When her time came, the Buckeye resident would be interred at the city-owned Louis B. Hazelton Memorial Cemetery — Section B, Block 29, Lot 3, Plot 7. On one side of that spot rests her husband, Gerald, who died in 2023. On the other is her mother, Nina Phillips, who died in 2008.
But last year, the cemetery called Marshall to inform her of a problem with her burial plot she’d purchased. Someone else was buried in it already — and, according to a lawsuit Marshall filed against Buckeye earlier this month, the cemetery wouldn’t tell her whose corpse is squatting in her eternal resting place.
Marshall filed the suit Aug. 4 in Maricopa County Superior Court, alleging that the town breached its contract with her and committed negligence when it allowed someone else to be buried in the plot she purchased for herself. She is asking a judge to rule that Buckeye “is allowing a continuing trespass to be made” on her property and to order the city “to take all action necessary to remove the body” from her burial plot.

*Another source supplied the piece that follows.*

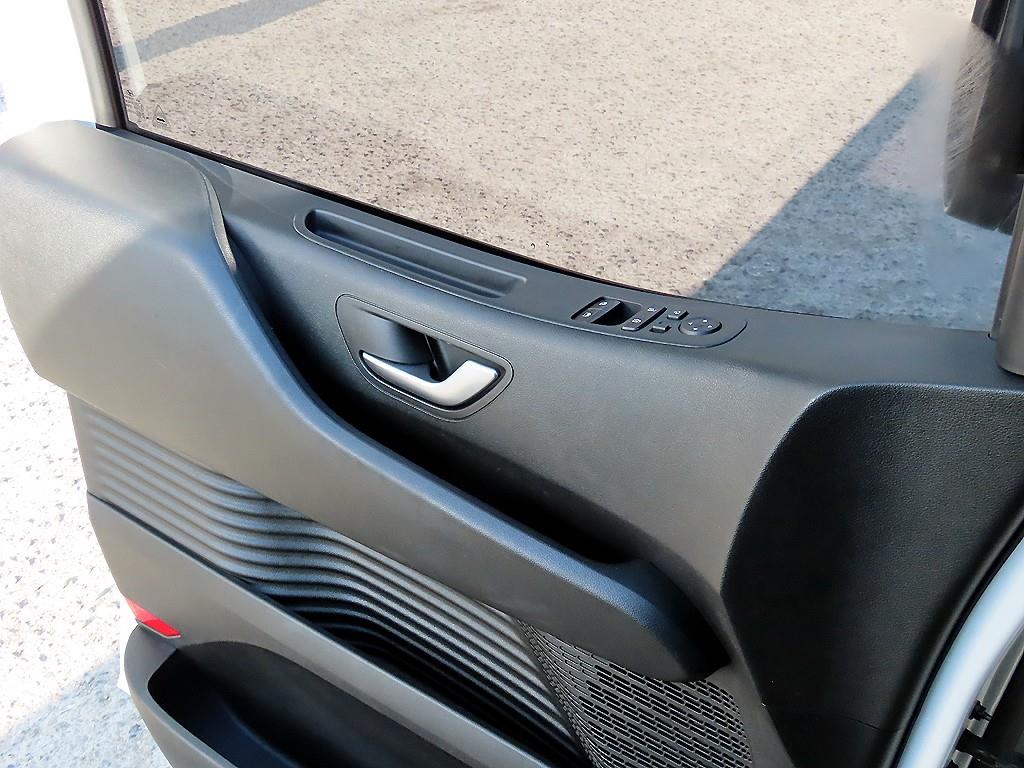 HYUNDAI Staria - Vista 11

Buckeye officials did not respond to a request for comment on the lawsuit. Marshall’s attorney, Curtis Ensign, told Phoenix New Times that Marshall was away until after Labor Day and was unable to speak before then.

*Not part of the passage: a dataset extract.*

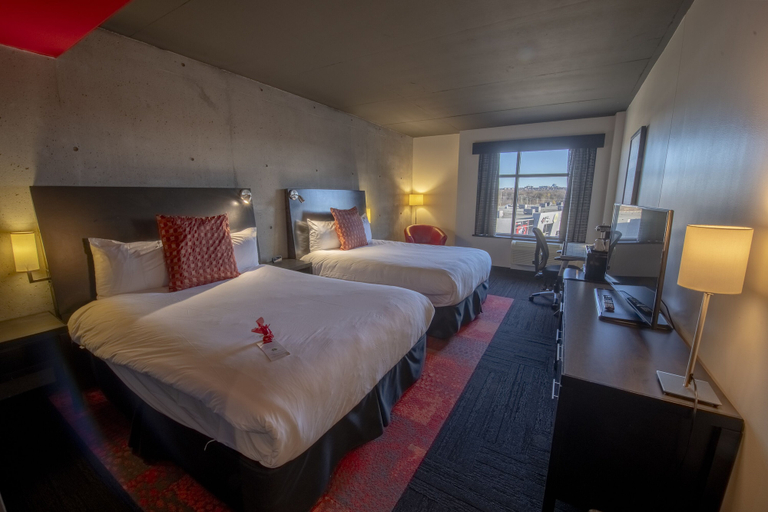 Bedroom 4, Grand Times Hotel Quebec City Airport, Communauté-Urbaine-de-Québec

Per Marshall’s lawsuit, she and her husband bought two adjoining plots in the cemetery in 2008, the year Marshall’s mother was buried there. At the same time, the suit says, Marshall had her mother’s plot changed so “that there would be three plots in a row” for the family.

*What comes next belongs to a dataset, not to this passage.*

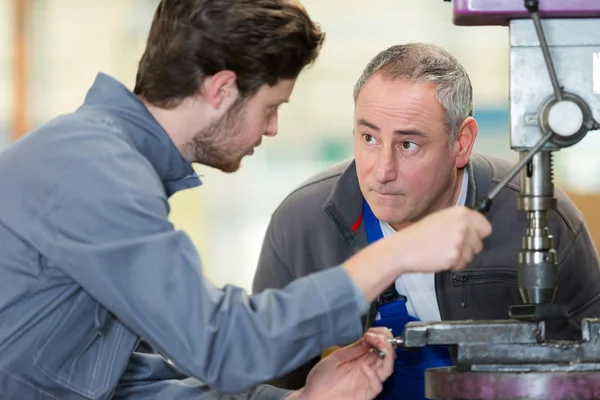 Industria della lavorazione dei metalli e apprendista — Foto Stock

Last September, Marshall says, the cemetery called her to say there “might be a problem” with her plot, the lawsuit says, and she made an appointment to speak with town officials in person. In an in-person meeting on Sept. 10, they told her that “a body had apparently been interred” in the plot she purchased between her deceased mother and late husband. The suit says that the cemetery either withheld or was not privy to that body’s identity.
“At the time, she was not informed of the identity of the body that was interred, who caused or allowed the body to be interred in Plot 7, or when or why the body was interred,” the lawsuit says.
It is not clear if Marshall has learned the body’s identity since. However, her suit claims that “there may be 80 or so persons who have been interred” at the cemetery whose identities are unknown to the cemetery, as well as “who interred them, or why or when they were interred.”
The Louis B. Hazelton Memorial Cemetery was founded in 1938 by the American Legion Hazelton-Butler Post 53 and transferred to Buckeye’s ownership in 1947. According to its website, the cemetery is “reaching capacity in the original sections of the cemetery” and plots in four sections — including Section B, where Marshall purchased her family’s plots — “are no longer available for purchase by the general public.”
The cost of one full plot at the cemetery is $2,000, according to its website. While the cemetery has a burial search feature that allows someone to pull up a grave location by name — the graves of Nina Phillips and Gerald Marshall indeed can be found in the same area of the cemetery — it does not provide a public listing of gravesites by section and plot number.
The lawsuit says that Ensign, Marshall’s lawyer, tried to find out who was buried in her plot and what the city and the cemetery would do to resolve the problem. It notes that “even though (Marshall) has not deceased and cannot presently be interred in Plot 7, it became obvious that the situation involving Plot 7 would eventually become a problem that presently needed resolution.”
According to the suit, the cemetery said it “was unable to provide any information” about the body buried there. In February, the suit says, the city “refused to do anything to resolve the problem except offer a new plot” to Marshall, which the lawsuit says is “unsatisfactory.”
On March 4, Marshall filed a notice of claim notifying the city that she intended to sue if the situation wasn’t resolved. Per the suit, the city denied that claim in May.